Su adversa reacción dio pie a un expediente que nadie leería hasta trescientos años más tarde. Hoy, gracias a ese documento sabemos que Montúfar fue el verdadero impulsor del culto a la nueva Nuestra Señora de Guadalupe… Pero, además, lo que ahora sugerían los hallazgos de Garza-Valdés era que también fue él quien encargó a Marcos Aquino la «imagen milagrosa».

Ésa debe de ser la pintura fechada en 1556 que encontraron los ultravioletas debajo de la actual imagen. Una efigie que después se tapó con una capa blanca y se repintó dos veces en el siglo XVII.

¿Existió Juan Diego?

En noviembre de 2002, escandalizado por la canonización de Juan Diego celebrada en julio de ese mismo año, Garza-Valdés publicó su obra Tepeyac, cinco siglos de engaño.
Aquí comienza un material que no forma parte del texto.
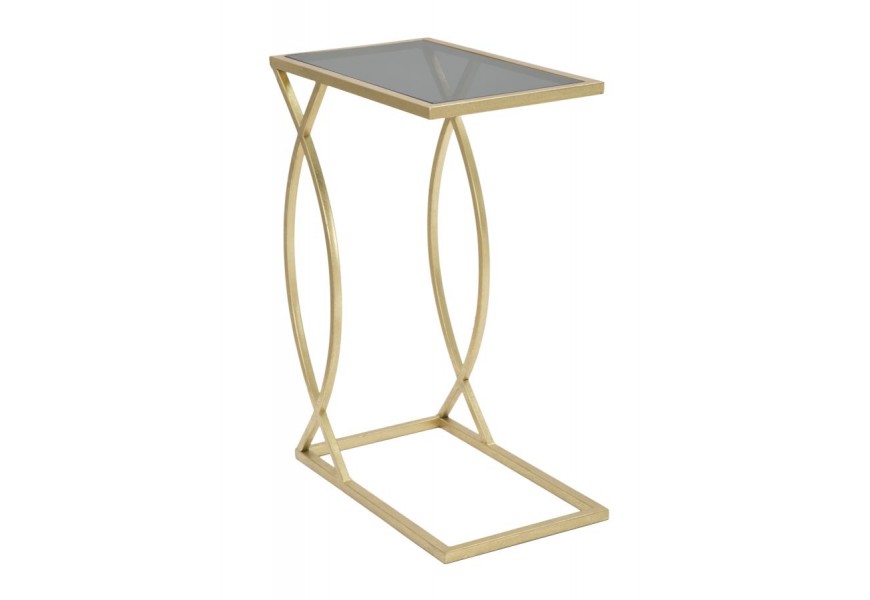 Glamour príručný stolík Magnus v zlatej farbe z kovu s vrchnou doskou zo skla v priehľadnej čiernej farbe s nohou s geometrickým vzorom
En ella, además de recoger un buen número de documentos que sugieren que la Iglesia manipuló las creencias de los indígenas, atrayéndolos a su causa al inventar la aparición de una «virgen mestiza», apunta a que Juan Diego ni siquiera existió. Y no es el único. Otros expertos como el sacerdote Staffofd Poole o el ex abad de la basílica de Guadalupe, Guillermo Schulenburg, llegaron por su cuenta a idénticas conclusiones. Pero el Vaticano ha desoído sus advertencias hasta la fecha.

El misterio aquí no está en el milagro de la Virgen o en la historicidad de Juan Diego, sino en determinar quién y con qué intenciones manipuló —y, según algunos, aún sigue haciéndolo— la buena fe de millones de creyentes. Por desgracia, para responder a eso, de momento, sólo hay conjeturas.

CAPÍTULO 40

La tumba del inmortal

¿Puede un hombre con fama de inmortal tener una tumba?. ¿Existe un objeto más contradictorio para alguien con esa reputación que una losa sepulcral en la que figure su nombre?. Me faltó tiempo. En cuanto supe dónde se encontraba la única lápida de un presunto inmortal que existe en Europa, corrí a verla. Necesitaba sentarme frente a una pieza tan paradójica y resolver su enigma: si alguien había pasado a la historia con la reputación de haber vencido a la muerte —y son pocos, poquísimos, los que lo han hecho—, ¿qué sentido tiene que se conserve su epitafio en piedra?.

En esta ocasión, mi curiosidad me llevó a las escaleras que dan acceso a uno de los tapices más famosos de la Edad Media: La dama y el Unicornio. Allí, a pocos pasos de esa colosal obra maestra, en un vulgar rincón del Museo Cluny de Paris, se exhibe la losa fúnebre de Nicolás Flamel. Este escribano público y alquimista medieval, nacido en Pontoise hacia 1330, fue uno de los burgueses más afamados y ricos de su tiempo. Pero también uno de los más misteriosos.